Just as we imagined Kerry to be applying a last coat of varnish, Dublin surged to the Hill with scarcely credible tidings. This was their field, their day. So they met the Kingdom's victory dance with a round of buckshot and everything we thought we knew about hierarchy and lineage suddenly felt counterfeit. For Dublin's total fidelity to a workers' constitution induced palpable despondency in Kerry.

To win the closing seven minutes 1-3 to 0-1, the Dubs simply went to a place that maybe no old team could have access to.

They reclaimed Sam with a game plan so rigid, so non-negotiable, Pat Gilroy might as well have presented it to them leather-bound and stamped with gold lettering.
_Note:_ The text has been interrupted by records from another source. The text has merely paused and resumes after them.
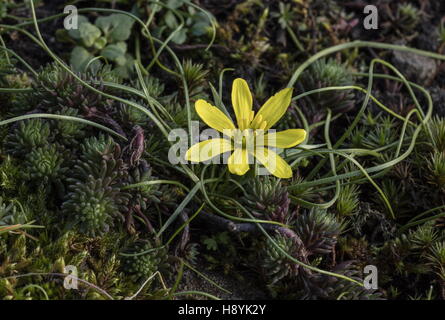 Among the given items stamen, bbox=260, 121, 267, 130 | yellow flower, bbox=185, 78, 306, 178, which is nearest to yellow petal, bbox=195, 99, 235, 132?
yellow flower, bbox=185, 78, 306, 178

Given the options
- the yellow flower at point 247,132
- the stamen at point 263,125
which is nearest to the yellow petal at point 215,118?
the yellow flower at point 247,132

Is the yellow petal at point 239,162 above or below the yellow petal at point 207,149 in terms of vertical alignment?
below

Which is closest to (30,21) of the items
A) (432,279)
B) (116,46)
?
(116,46)

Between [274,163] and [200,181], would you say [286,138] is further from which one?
[200,181]

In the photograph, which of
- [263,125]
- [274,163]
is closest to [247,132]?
[263,125]

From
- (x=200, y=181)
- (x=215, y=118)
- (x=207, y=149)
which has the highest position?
(x=215, y=118)

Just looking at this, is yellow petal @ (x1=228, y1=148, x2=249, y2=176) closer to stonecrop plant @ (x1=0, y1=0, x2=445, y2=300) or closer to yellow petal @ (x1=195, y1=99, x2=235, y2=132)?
stonecrop plant @ (x1=0, y1=0, x2=445, y2=300)

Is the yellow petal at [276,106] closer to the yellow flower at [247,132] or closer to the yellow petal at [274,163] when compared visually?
the yellow flower at [247,132] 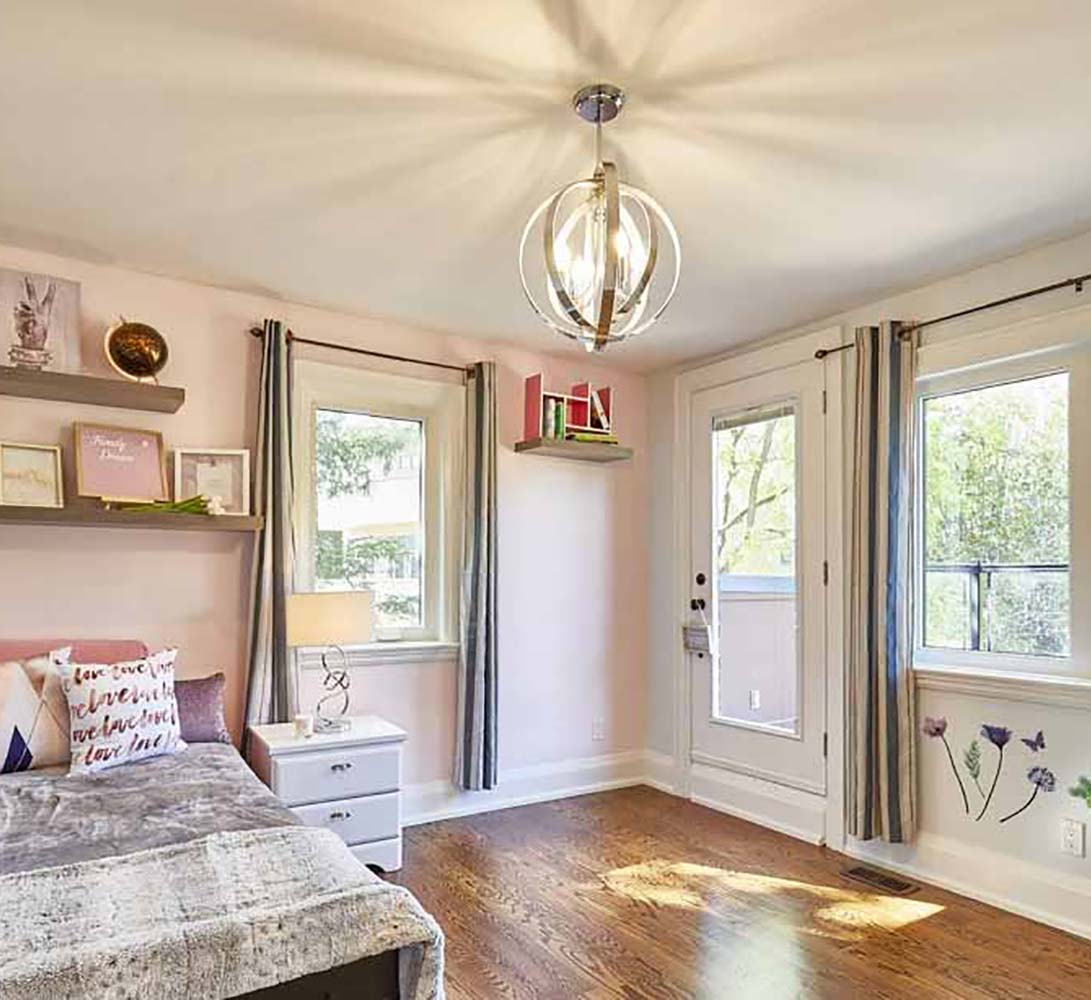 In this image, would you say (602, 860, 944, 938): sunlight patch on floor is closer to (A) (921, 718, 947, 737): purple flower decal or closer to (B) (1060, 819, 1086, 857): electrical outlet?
(B) (1060, 819, 1086, 857): electrical outlet

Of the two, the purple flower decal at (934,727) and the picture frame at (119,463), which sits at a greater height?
the picture frame at (119,463)

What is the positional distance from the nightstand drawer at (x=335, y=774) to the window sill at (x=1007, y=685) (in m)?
2.17

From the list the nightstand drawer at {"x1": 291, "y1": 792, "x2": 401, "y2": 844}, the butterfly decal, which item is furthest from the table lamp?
the butterfly decal

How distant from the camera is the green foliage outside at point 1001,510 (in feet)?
10.1

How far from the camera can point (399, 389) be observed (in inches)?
160

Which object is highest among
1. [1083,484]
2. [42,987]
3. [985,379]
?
[985,379]

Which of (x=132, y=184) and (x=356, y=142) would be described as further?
(x=132, y=184)

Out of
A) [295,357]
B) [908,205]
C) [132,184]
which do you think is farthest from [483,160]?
[295,357]

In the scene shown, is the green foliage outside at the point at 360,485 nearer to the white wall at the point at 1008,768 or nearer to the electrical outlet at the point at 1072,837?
the white wall at the point at 1008,768

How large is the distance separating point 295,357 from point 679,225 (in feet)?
6.09

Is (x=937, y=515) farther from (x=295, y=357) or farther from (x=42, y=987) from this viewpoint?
(x=42, y=987)

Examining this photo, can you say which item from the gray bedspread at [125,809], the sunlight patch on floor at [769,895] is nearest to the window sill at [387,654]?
the gray bedspread at [125,809]

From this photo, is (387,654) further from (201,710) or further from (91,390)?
(91,390)

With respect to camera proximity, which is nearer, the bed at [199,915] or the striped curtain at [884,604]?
the bed at [199,915] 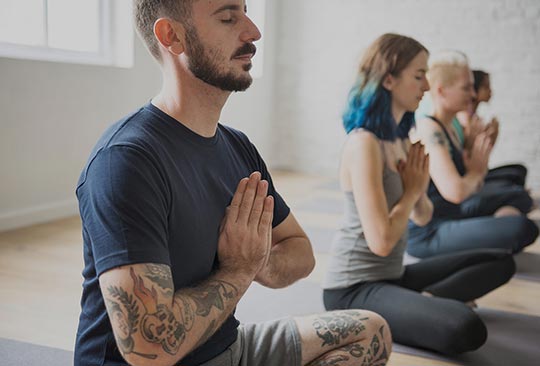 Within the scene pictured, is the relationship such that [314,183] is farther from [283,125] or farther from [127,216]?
[127,216]

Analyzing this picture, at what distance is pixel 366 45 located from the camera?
244 inches

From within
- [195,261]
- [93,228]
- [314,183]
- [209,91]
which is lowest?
[314,183]

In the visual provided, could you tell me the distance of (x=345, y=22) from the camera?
6938 millimetres

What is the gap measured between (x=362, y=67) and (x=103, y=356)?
56.0 inches

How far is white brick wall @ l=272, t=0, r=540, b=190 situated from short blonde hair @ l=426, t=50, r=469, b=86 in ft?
10.7

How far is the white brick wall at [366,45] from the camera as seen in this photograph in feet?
21.2

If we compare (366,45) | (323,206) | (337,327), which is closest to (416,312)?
(337,327)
The team in blue was insatiable, playing as if defeat might curse them all the way to senility.

And it felt less a team stretching for home in the end than a whole city reaching out to the glamours of its past.
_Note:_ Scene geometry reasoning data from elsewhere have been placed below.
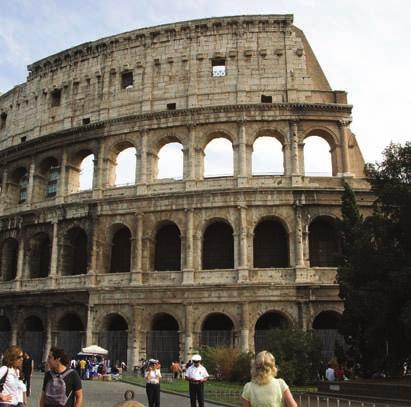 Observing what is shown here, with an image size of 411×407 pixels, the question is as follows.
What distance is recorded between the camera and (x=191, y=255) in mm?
22672

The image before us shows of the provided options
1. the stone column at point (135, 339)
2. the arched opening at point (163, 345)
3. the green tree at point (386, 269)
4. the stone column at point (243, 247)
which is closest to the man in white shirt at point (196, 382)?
the green tree at point (386, 269)

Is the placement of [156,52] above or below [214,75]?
above

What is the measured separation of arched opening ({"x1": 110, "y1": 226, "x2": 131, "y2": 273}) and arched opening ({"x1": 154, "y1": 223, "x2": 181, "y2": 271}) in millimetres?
1488

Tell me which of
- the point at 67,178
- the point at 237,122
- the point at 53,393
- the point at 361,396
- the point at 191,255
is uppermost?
the point at 237,122

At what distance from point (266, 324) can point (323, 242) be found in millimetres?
4493

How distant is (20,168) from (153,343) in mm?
13205

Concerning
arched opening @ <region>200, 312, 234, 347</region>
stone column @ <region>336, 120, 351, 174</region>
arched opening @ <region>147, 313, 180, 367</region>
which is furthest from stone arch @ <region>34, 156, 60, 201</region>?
stone column @ <region>336, 120, 351, 174</region>

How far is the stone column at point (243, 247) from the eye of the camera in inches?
858

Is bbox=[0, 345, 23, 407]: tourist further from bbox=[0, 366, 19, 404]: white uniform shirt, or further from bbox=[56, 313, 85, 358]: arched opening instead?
bbox=[56, 313, 85, 358]: arched opening

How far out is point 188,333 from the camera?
2189 centimetres

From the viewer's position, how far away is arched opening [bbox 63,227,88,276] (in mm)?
25406

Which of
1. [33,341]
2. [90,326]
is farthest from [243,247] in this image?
[33,341]

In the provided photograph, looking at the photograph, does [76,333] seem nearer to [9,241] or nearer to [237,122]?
[9,241]

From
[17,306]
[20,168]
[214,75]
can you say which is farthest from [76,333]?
[214,75] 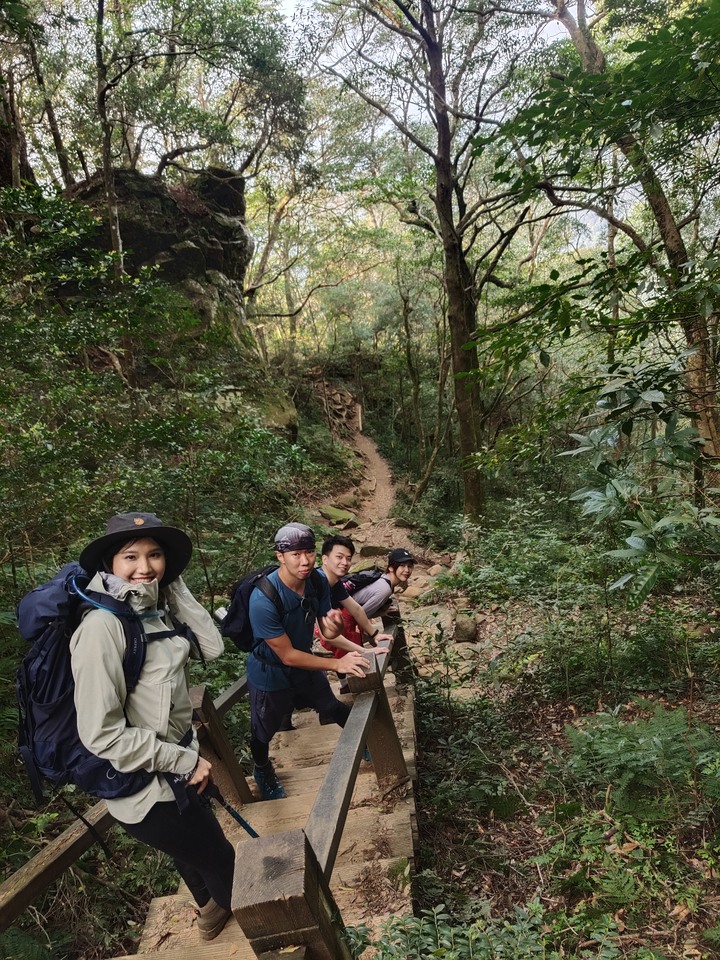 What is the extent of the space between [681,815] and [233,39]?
17.2 m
In doing so, Dublin persuaded Kerry to all but abandon theirs. Jack O'Connor's team began fouling. Sporadically at first but, the clouds in their heads darkening, almost slavishly as the clock began to race. They panicked. Imagine. The world had been under an illusion that they wouldn't recognise the condition, let alone seek it out for refuge.

But industry made them forget themselves. The perfect articulation of Gilroy's creed.
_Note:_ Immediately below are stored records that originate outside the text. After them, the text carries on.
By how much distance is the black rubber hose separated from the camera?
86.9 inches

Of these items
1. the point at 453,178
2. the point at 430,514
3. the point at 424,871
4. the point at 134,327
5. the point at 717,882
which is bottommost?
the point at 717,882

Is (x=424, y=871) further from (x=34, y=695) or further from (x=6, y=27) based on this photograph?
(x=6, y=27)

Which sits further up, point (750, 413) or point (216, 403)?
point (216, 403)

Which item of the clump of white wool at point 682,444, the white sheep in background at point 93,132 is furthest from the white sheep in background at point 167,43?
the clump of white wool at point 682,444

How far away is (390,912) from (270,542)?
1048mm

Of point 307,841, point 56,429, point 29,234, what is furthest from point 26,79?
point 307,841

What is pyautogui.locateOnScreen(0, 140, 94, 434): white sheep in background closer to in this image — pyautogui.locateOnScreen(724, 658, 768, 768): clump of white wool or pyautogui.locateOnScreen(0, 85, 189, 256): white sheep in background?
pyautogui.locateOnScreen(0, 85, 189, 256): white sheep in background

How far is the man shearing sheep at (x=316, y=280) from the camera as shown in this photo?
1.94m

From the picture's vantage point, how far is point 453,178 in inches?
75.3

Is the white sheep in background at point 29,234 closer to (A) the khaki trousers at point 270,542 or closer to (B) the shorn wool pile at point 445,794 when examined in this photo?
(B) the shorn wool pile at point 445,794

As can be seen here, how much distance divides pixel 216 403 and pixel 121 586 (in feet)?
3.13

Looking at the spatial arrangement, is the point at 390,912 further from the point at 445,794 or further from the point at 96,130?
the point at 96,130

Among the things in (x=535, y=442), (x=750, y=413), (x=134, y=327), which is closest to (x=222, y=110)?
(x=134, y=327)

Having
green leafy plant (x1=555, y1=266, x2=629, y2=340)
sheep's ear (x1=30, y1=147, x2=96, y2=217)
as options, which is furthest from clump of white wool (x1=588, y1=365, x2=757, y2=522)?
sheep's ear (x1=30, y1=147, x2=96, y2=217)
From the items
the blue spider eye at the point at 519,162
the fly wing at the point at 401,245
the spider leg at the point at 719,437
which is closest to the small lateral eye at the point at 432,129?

When he took charge of Dublin, he understood there was no future in them trying to live a romantic existence while there was still breath in those silver-tongued rogues down south. The Dubs' best hope was to be dry and dull and maybe a little militaristic about their football.

So he decommissioned the notion that Sam Maguire might be accessible through wall-mottos and proverbs and phoney little shows of faux unity in front of an impatient Hill. For Dublin to win they, first, had to learn how not to lose.

Yesterday, they set the terms of engagement in a way that Kerry tried to rise above, but couldn't. By the mid-point, the Kingdom had claimed just three scores, albeit one of them was a drop-dead-gorgeous 'Gooch' Cooper goal set up by the mesmeric Darran O'Sullivan.

This just wasn't the game O'Connor's men had come to play.

Dublin's half-forwards hunted with dervish energy between their own midfield and half-backs and only two of their full-forward line showed an interest in hanging close to Brendan Kealy's goal. This was about the siphoning of traffic into areas where it suited Dublin to have numbers.

And yet, being honest, Kerry looked to have done enough to win. Their initial positioning of Kieran Donaghy at wing-forward was smart and, palpably, discomfited the city boys. And if Paul Galvin's 24th-minute arrival was almost certainly earlier than O'Connor might have planned, the Finuge man's presence clearly made Kerry a more coherent team.

It should be said too that Ger Brennan was lucky to escape a red card when his high elbow temporarily took out Declan O'Sullivan early in the second half. But, between the 54th and 63rd minutes, Kerry kicked four unanswered points that in a game of this intensity bore the feel of an epic harvest.

And it was the beginning of the end for them.

Immediately after Gooch had kicked the fourth, Declan O'Sullivan gave possession away to Cian O'Sullivan and, two passes later, Kevin McManamon was goaling in front of the Hill. Croker shook as if the sky itself was coming down. Which, to some degree, it was.

McManamon's goal changed everything. Suddenly, the younger, hungrier team was ardent and believing. The older, careworn side looked weighed down by time.

It wouldn't have happened in Dublin's previous life. Their old way was to throw a pair of dice on the table and hope for sixes. They used devour Leinster with football so free-flowing and open it left their supporters bloated with conceit. Then some big gun from Ulster or Munster would hunt them down like crims guilty of a parole violation and the grief and disbelief always made for interminable winters.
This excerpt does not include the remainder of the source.